NuStar Energy provided the Terminal with certain general and administrative services, including the centralized corporate functions of legal, accounting, treasury, environmental, engineering, information technology and human resources. For these services, NuStar Energy charged the Terminal a portion of its total general and administrative expenses incurred. The general and administrative expenses in the statements of operations represent the amount of such costs allocated to the Terminal for the periods presented. Management believes that the amount of general and administrative expenses allocated to the Terminal is a reasonable approximation of the cost related to the Terminal.

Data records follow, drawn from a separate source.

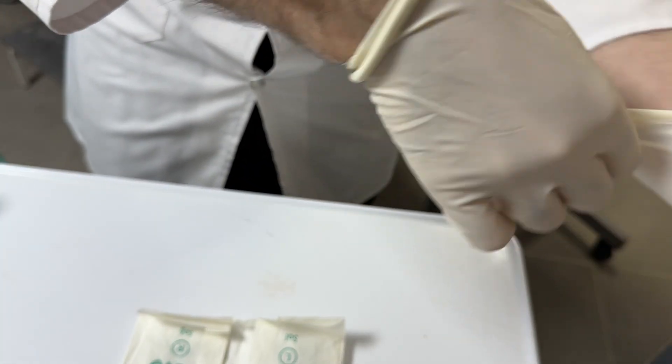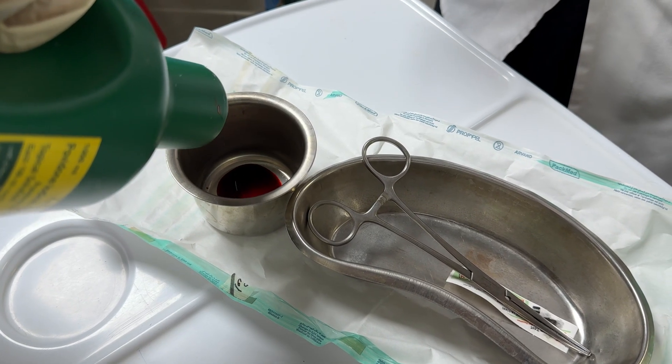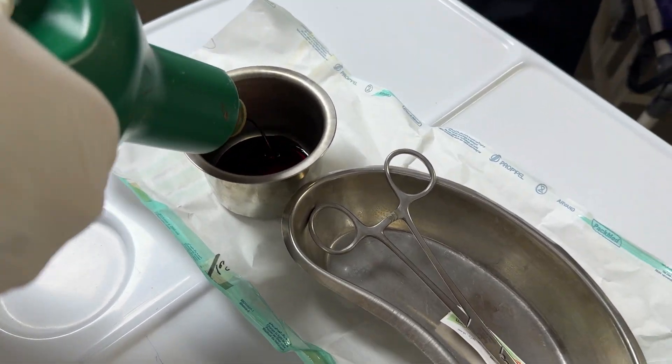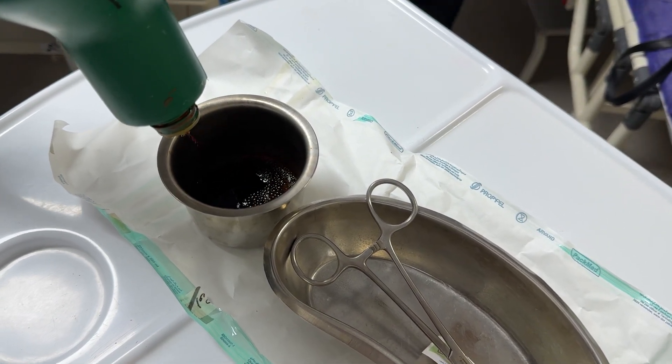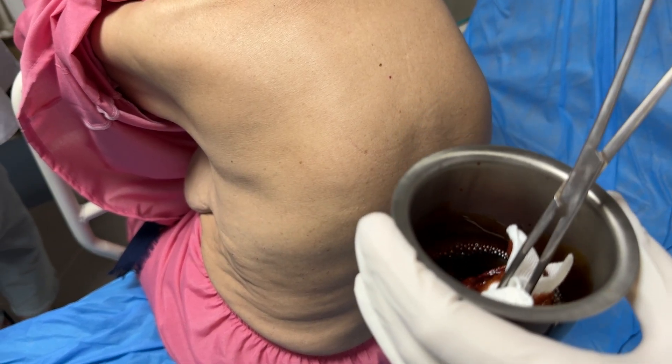Our job today is to help her breathe easier by performing a therapeutic thoracentesis. This isn't just a procedure — it's a direct intervention to improve her quality of life. Let's walk through how we do this safely and effectively.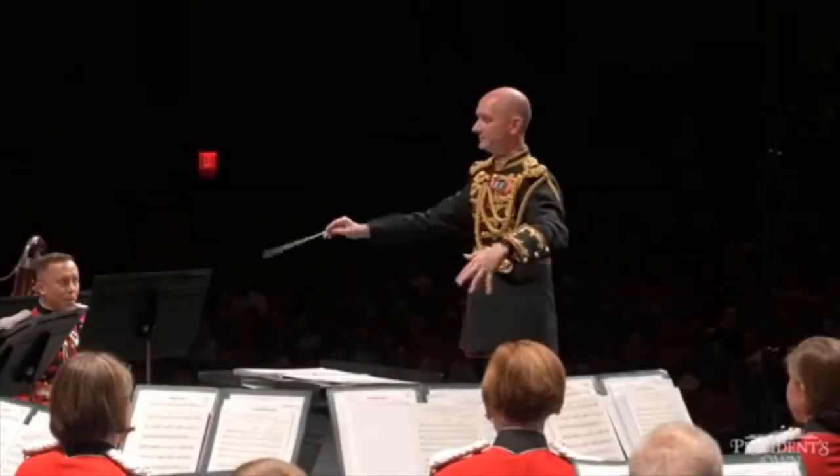The French horn is an important member of any ensemble it's played with. Let's first hear the French horn section as a part of the band in Percy Grainger's Lincolnshire Posy.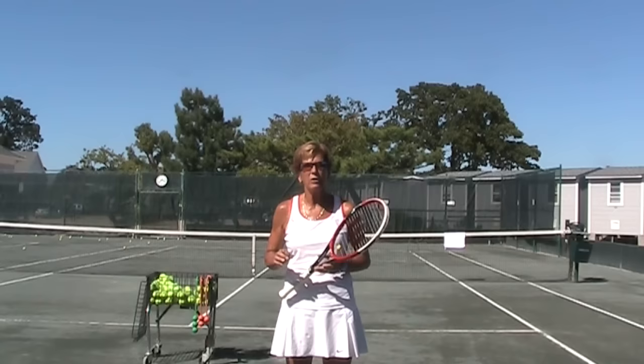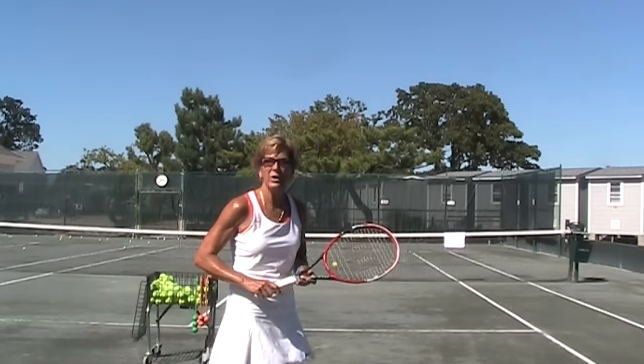Hi, Lisa Dodson here. I just want to give you some really quick pointers on how to hit a great slice serve. It's not that difficult. The difficulty comes in that a lot of you serve with an incorrect grip — you use a flat forehand grip for your serve.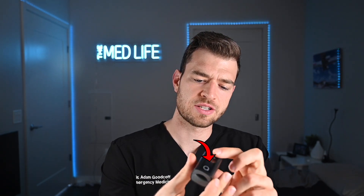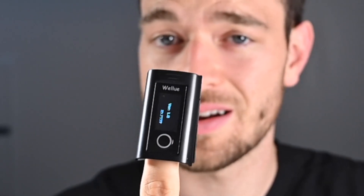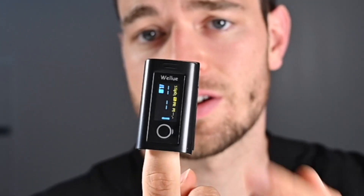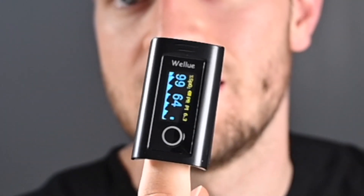Last but not least is the mighty pulse oximeter. Everybody knows about pulse ox this past year because of oxygen saturation. This little device is really cool — it's easy on, easy off, just like the ones in the hospital; it kind of clamps down on your finger. As soon as it clamps down and notices your finger is in there, it will turn on and start to obtain a pulse ox reading. You can actually look at the waveform down here, which I think is really, really good.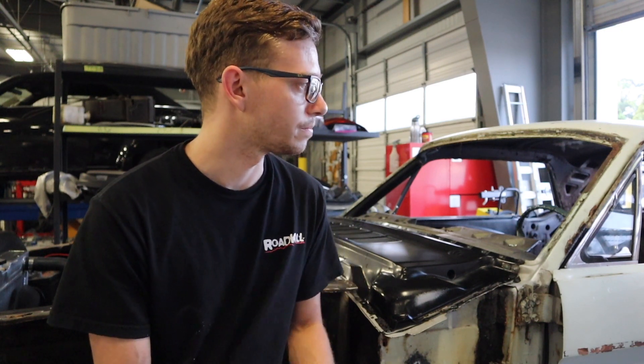I also need to order primer. At the shop I work at I can get away with certain materials, but primer is not one of those, so I'll have to buy my own. I have my own gun, but I need to get a cup system or something along those lines so cleanup is easy and I can strip panels and prime them right away — that way there's no flash rust.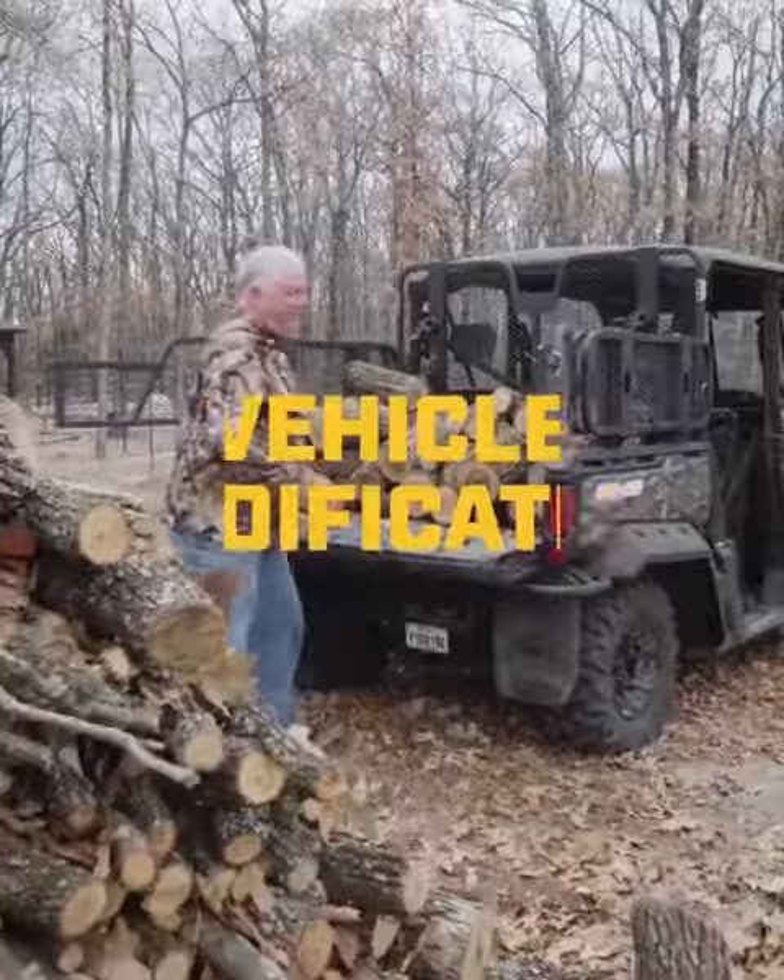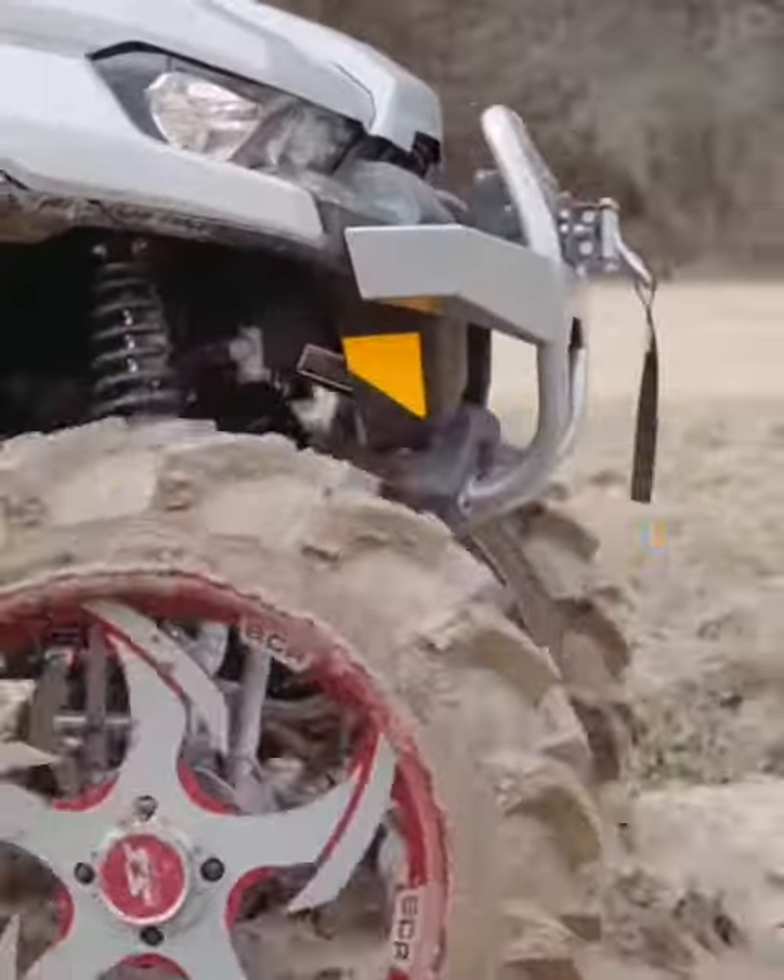Now there's one thing that everybody knows about me — it doesn't matter what I've got, it's gonna be modded to the max. I'm talking bigger is better, the flashier the sweeter, no matter how wild it is. I'm going full mod all the time.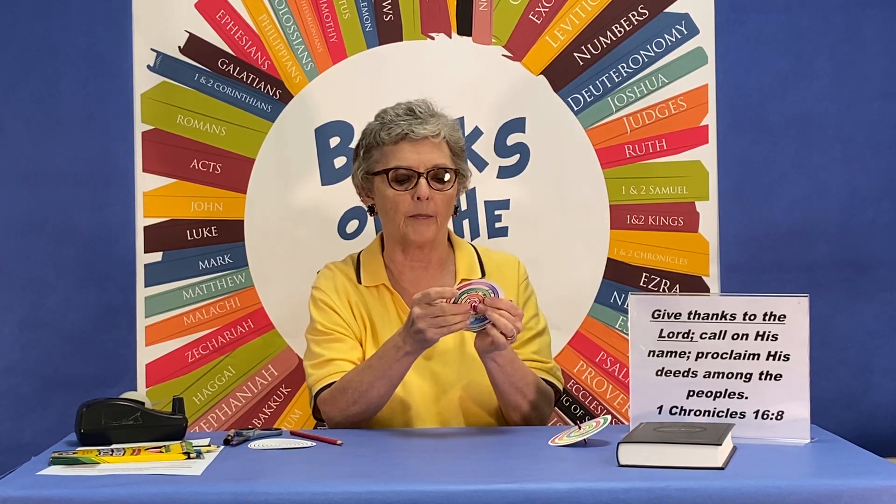Once you have yours done, I want you to take your jack. The jack should be in your Bible Drill Kit, and you're going to put it through the little X that your leader or your mom or dad has put in the spinner. Put it in, and then maybe put a little piece of tape just to help it stay on there.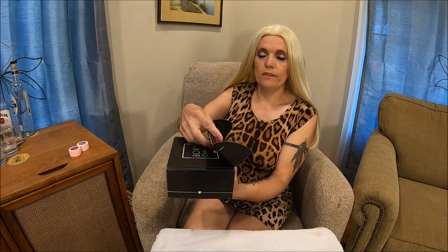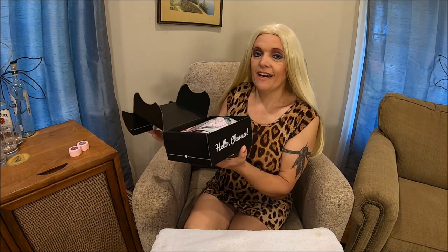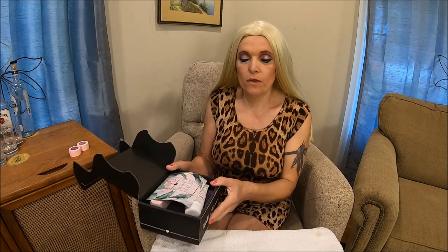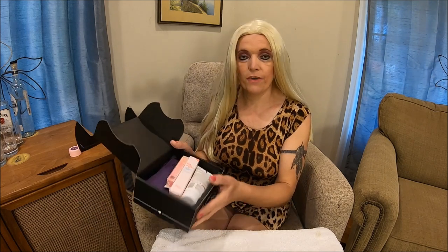We're gonna open the box! Welcome, welcome, Charmers, to our second edition of the BoxyCharm opening. I already cut the tape so it saves us time because the videos tend to be so long. The first thing is our card — BoxyCharm Getaway — really beautiful pink, my favorite color, with five items and individual pricing so we can see how much value we'll get for our $22 to $25 box.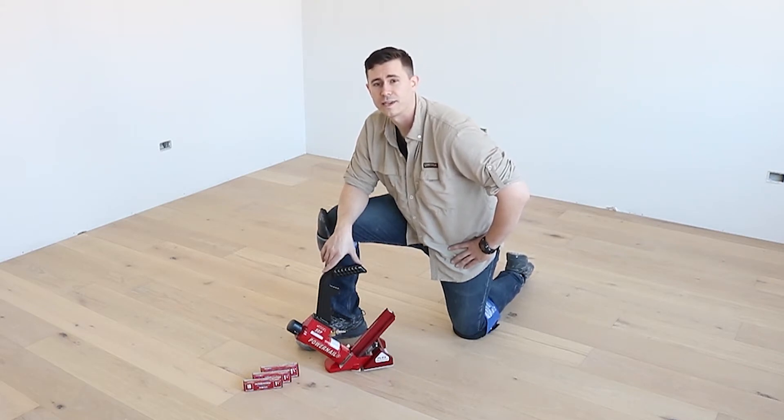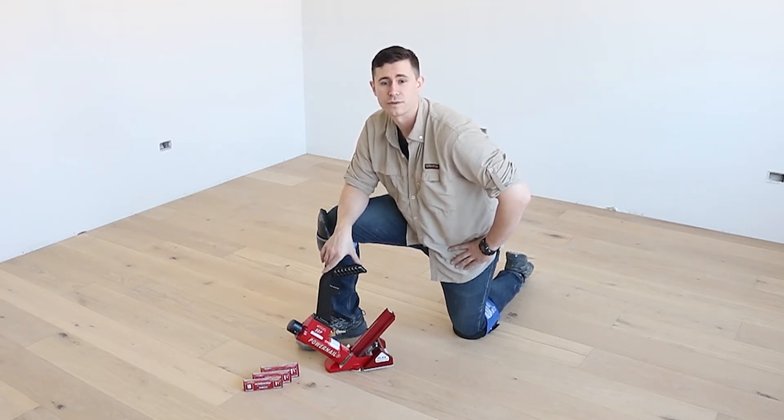It's made right here in the USA for today's professional flooring installer and is the perfect tool for domestic, exotic, and engineered wood floors.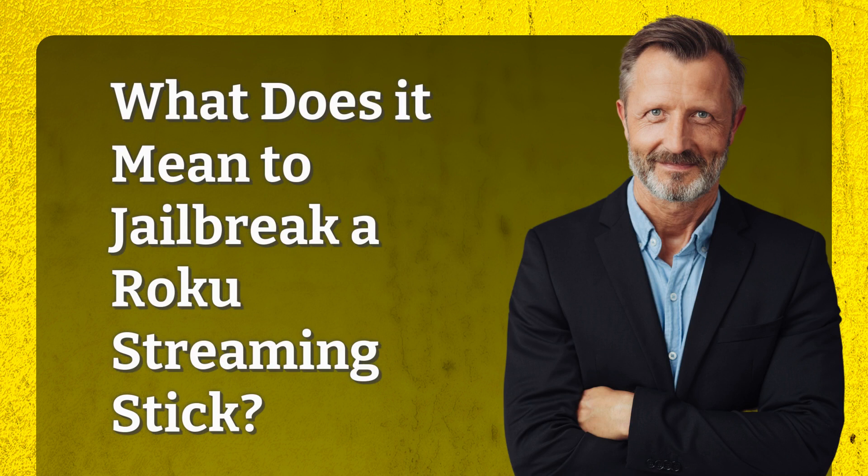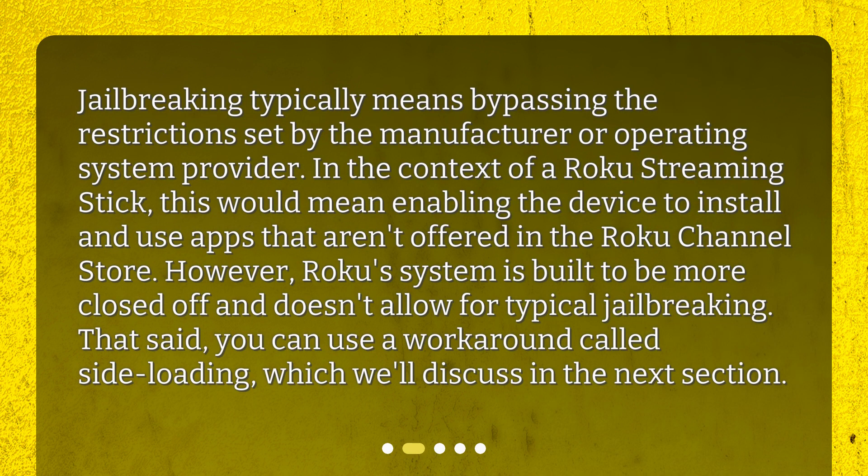What does it mean to jailbreak a Roku streaming stick? Jailbreaking typically means bypassing the restrictions set by the manufacturer or operating system provider. In the context of a Roku streaming stick, this would mean enabling the device to install and use apps that aren't offered in the Roku channel store. However, Roku's system is built to be more closed off and doesn't allow for typical jailbreaking. That said, you can use a workaround called side-loading, which we'll discuss in the next section.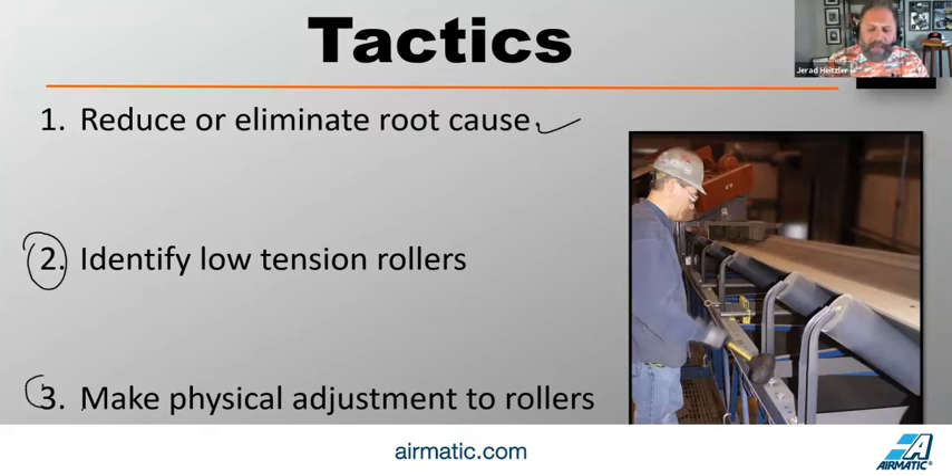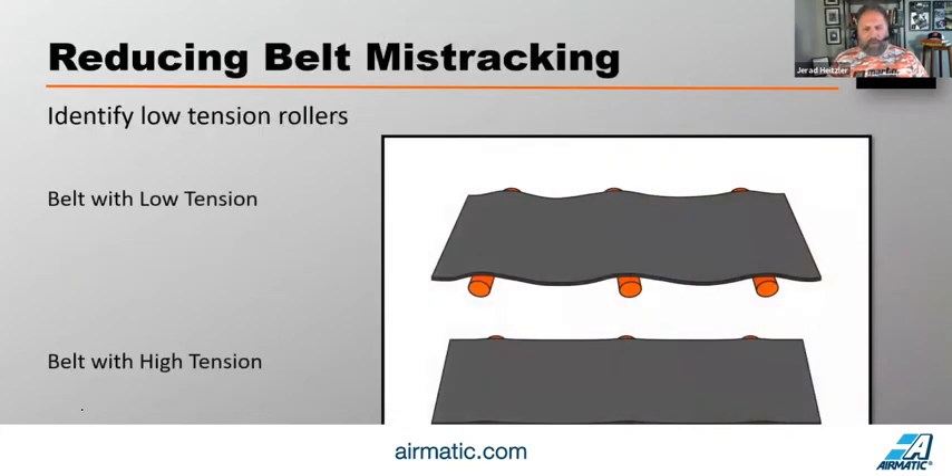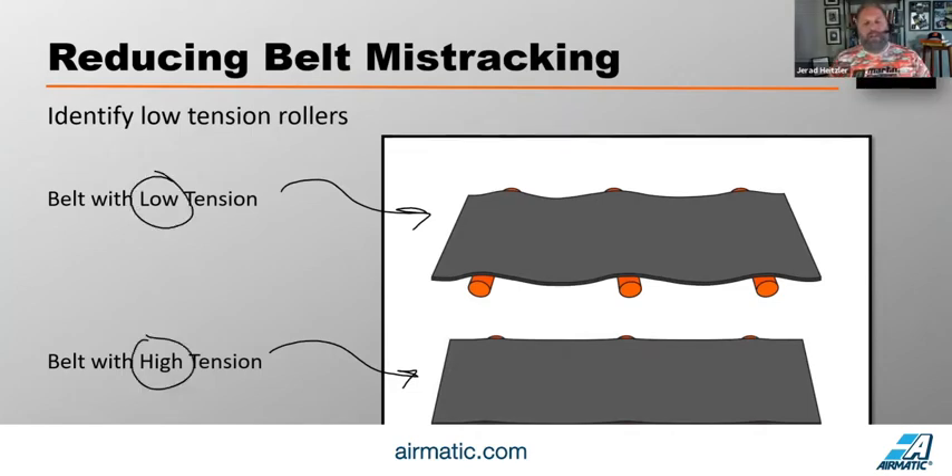The next step is to identify your low tension rollers. In the low tension part of the belt, there's more contact between the rolling component and the belt. Therefore, there's more steerability with low tension rollers — because there's more contact, those low tension rollers have more influence. So the first thing we need to do is teach our people which rollers are under low tension.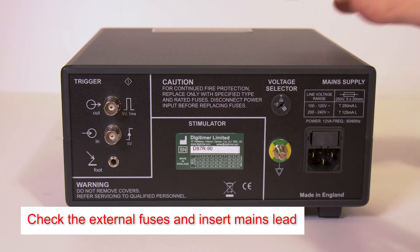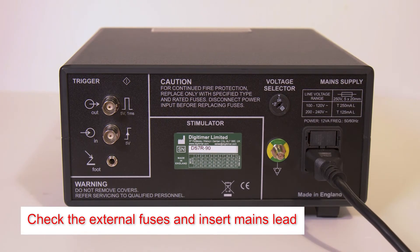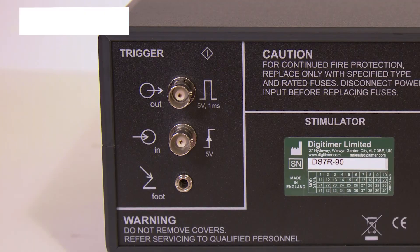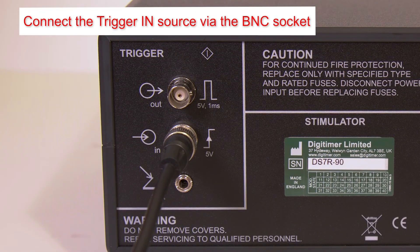Before first use, check the mains fuses are appropriate for your supply voltage and insert the mains lead. If using an external trigger source, connect it to the trigger in socket using a BNC cable.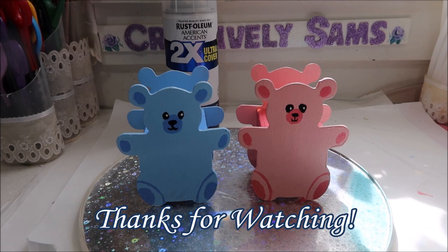So if you like what you saw, give it a thumbs up, subscribe, and happy creating everyone!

Individuals that provide services for the Terminal are employees of an affiliate of NuStar Energy. Payroll and insurance costs are charged to the Terminal though an intercompany account and included in operating expenses on the statements of income.
The following table summarizes the related-party transactions of the Terminal:
For the Period January 1, through December 22, 2008 | For the Year Ended December 31, 2007 | |||||||
General and administrative expenses | $ | 202,992 | $ | 243,279 | ||||
Operating expenses | 998,043 | 954,898 |
7. OTHER INCOME
In March 2007, we received $8,738,041 in a legal settlement pertaining to damages of our dock that occurred in January 2005. The proceeds exceeded our recorded receivable by $5,229,891, which is included in other income on the statement of income.